START Exercise material
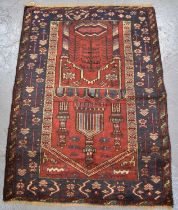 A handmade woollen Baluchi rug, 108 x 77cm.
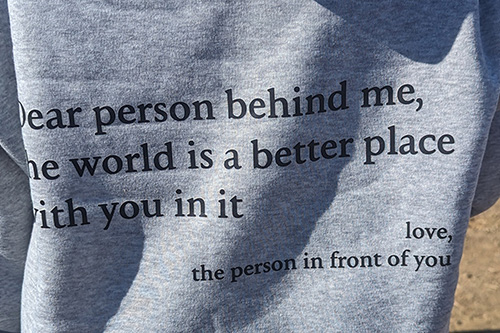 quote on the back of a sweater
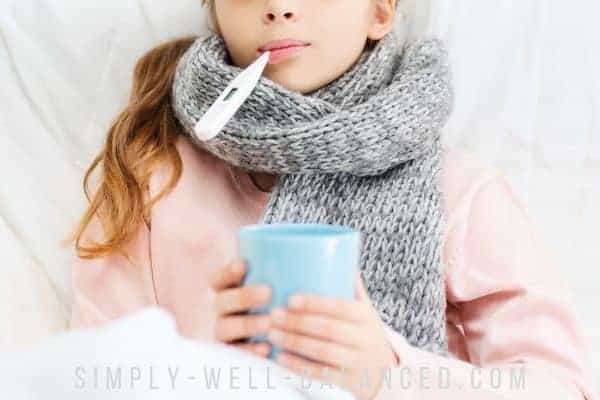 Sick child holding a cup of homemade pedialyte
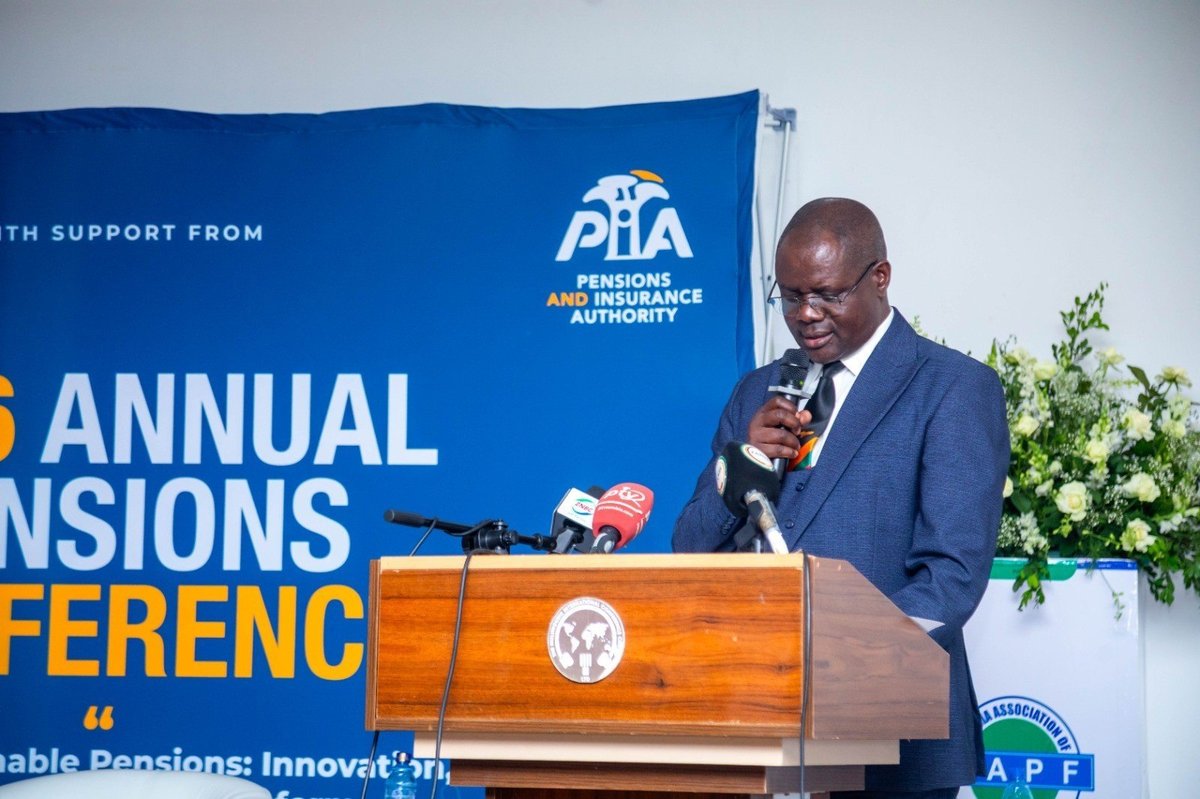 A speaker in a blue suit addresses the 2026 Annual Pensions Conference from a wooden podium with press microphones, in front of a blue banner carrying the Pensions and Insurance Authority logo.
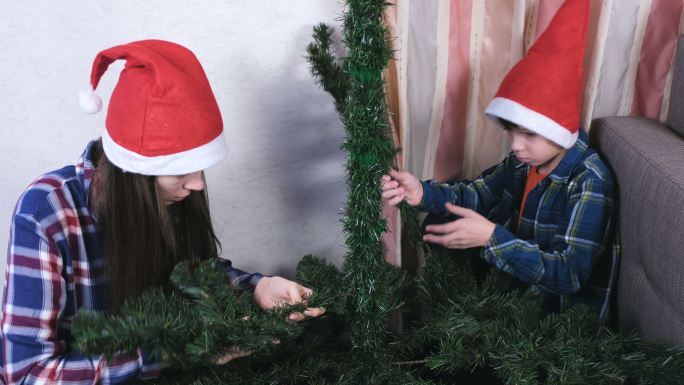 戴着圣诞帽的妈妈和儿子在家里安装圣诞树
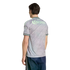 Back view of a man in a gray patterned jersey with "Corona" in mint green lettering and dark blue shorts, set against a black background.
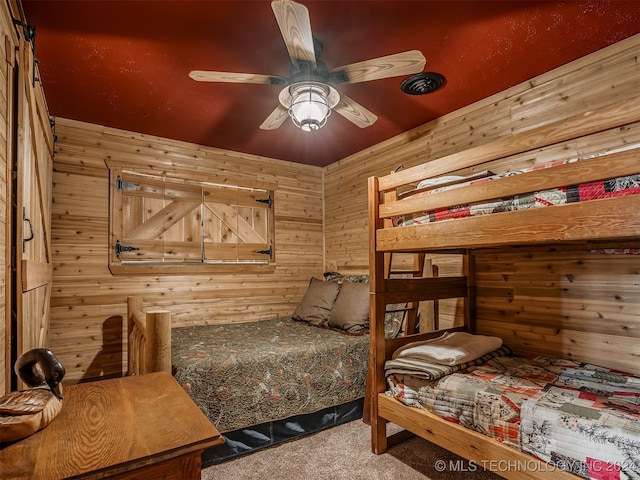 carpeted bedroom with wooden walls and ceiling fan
END Exercise material
### Aim of the exercise
Could you give all the records again, exactly, minus the pictures?

### Task response
 A handmade woollen Baluchi rug, 108 x 77cm.
 quote on the back of a sweater
 Sick child holding a cup of homemade pedialyte
 A speaker in a blue suit addresses the 2026 Annual Pensions Conference from a wooden podium with press microphones, in front of a blue banner carrying the Pensions and Insurance Authority logo.
 戴着圣诞帽的妈妈和儿子在家里安装圣诞树
 Back view of a man in a gray patterned jersey with "Corona" in mint green lettering and dark blue shorts, set against a black background.
 carpeted bedroom with wooden walls and ceiling fan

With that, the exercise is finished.